-- DATASET follows --
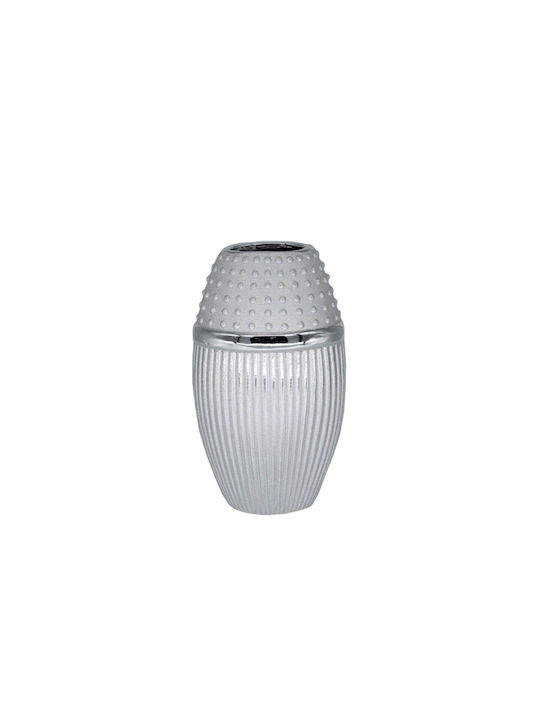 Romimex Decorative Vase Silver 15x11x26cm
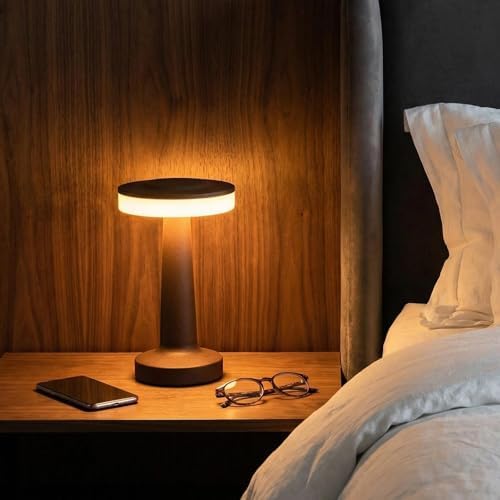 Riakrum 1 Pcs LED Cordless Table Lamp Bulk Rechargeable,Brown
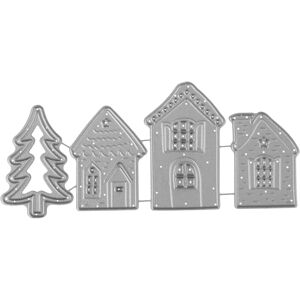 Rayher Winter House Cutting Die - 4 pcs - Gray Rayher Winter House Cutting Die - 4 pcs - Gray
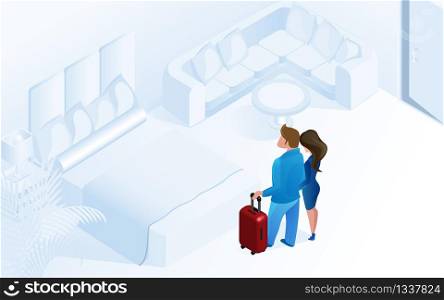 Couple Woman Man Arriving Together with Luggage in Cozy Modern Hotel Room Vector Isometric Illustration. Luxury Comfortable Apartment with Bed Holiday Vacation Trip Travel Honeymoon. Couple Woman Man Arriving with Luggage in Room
-- DATASET concluded --
-- DATASET follows --
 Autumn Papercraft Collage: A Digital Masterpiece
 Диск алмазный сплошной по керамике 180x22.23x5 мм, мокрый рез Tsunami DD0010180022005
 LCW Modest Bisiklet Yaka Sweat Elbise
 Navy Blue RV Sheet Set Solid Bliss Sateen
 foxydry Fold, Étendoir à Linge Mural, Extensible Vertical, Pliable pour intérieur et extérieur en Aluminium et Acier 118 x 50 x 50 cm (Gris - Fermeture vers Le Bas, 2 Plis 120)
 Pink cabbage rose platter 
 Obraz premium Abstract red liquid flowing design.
-- DATASET concluded --
→ TASK INSTRUCTIONS
Looking at the records above, return exactly the lines from the line with "LCW Modest Bisiklet Yaka Sweat Elbise" to the line with "Obraz premium Abstract", both ends included.

→ TASK RESULT
 LCW Modest Bisiklet Yaka Sweat Elbise
 Navy Blue RV Sheet Set Solid Bliss Sateen
 foxydry Fold, Étendoir à Linge Mural, Extensible Vertical, Pliable pour intérieur et extérieur en Aluminium et Acier 118 x 50 x 50 cm (Gris - Fermeture vers Le Bas, 2 Plis 120)
 Pink cabbage rose platter 
 Obraz premium Abstract red liquid flowing design.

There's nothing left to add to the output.